Welcome to an introduction to the Early Christian Church and the Creeds. I created this project for a class I took about these topics while studying at Gettysburg Seminary. As I worked through the course, I often felt acutely aware of a paradox.
The very early Christian Church would appear alien to almost anyone alive today. Christianity began as Jewish movement that believed Jesus was the Messiah. It was beset by powerful political opposition. Now a dominant global religion, it was at that time in protracted danger of being wiped out by the threat and execution of cultural exclusion and physical torture, sometimes fatal.

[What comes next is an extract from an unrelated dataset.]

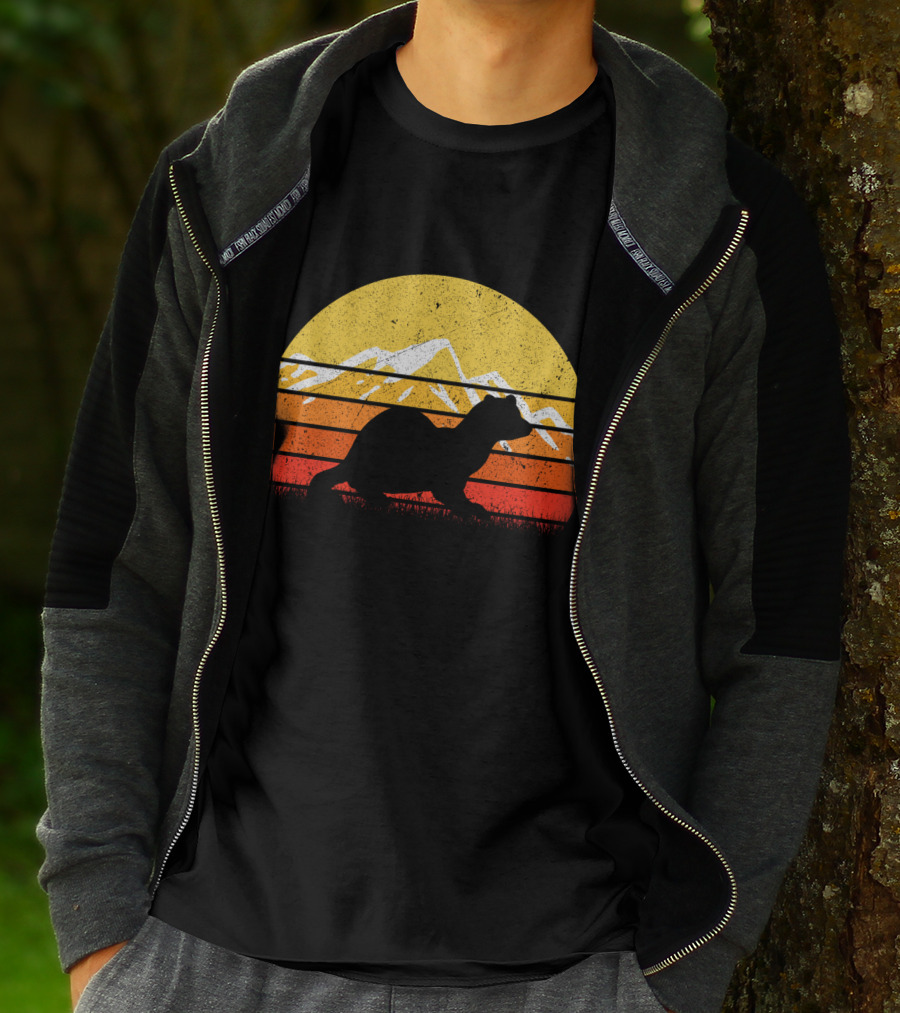 Retro Vintage Ferret Sunset Silhouette Mountain Stripes T-Shirt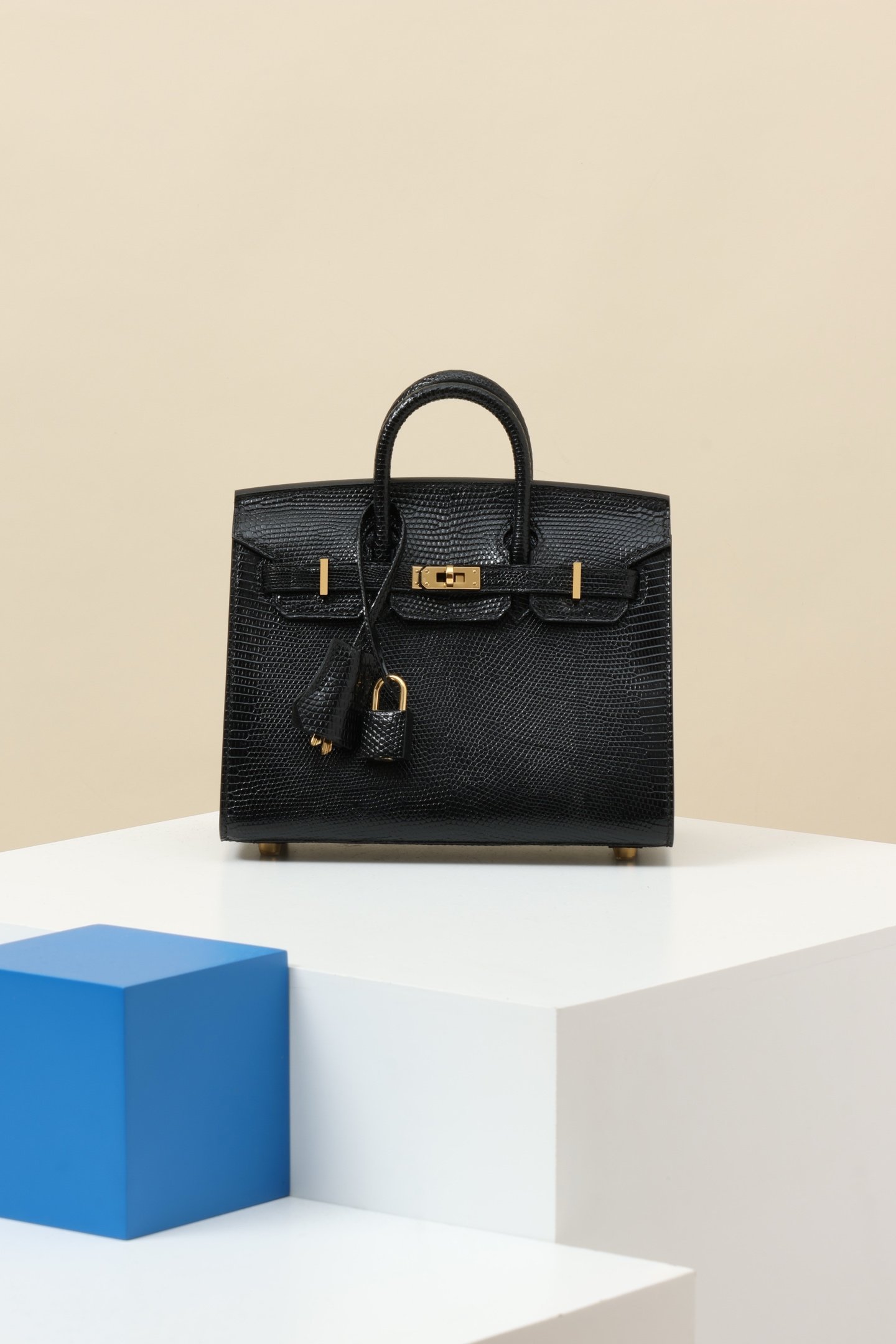 Hermès Birkin 20 Salvator Lizard Noir 89 GHW detail image 1 sourced from womanlvbag.com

However, as I learned about how this burgeoning new religion struggled to define itself, while something very new and exciting was occurring, at the same time, many of the internal issues - the thoughts, beliefs, debates, joys, and problems the early Christians encountered - are very much alive today as they were at the time. Having been raised as a Lutheran but only beginning serious study of the history and theology of Christianity, I kept finding the questions the early Church leaders asked themselves are questions I have asked myself. My own understanding of my religion has grown from this study, and I hope that this summary of it may help you too. I was continually reminded of two Bible verses, one from Ecclesiastes and one from John, regarding eternity:
What has been will be again, what has been done will be done again; there is nothing new under the sun.
(Ecclesiastes 1:9)
In the beginning was the Word, and the Word was with God, and the Word was God. He was with God in the beginning.
(John 1:1-2)
With that in mind, some of the history presented in these lessons will be in reverse order. We will learn about the formation of the doctrines of the Trinity and the Incarnation, and then we will take a step before that, to examine the conditions that existed leading up to those events.
This function of this webpage is to act as a synopsis and visual aid intended to accompany an in-person or online videoconference adult Christian education course.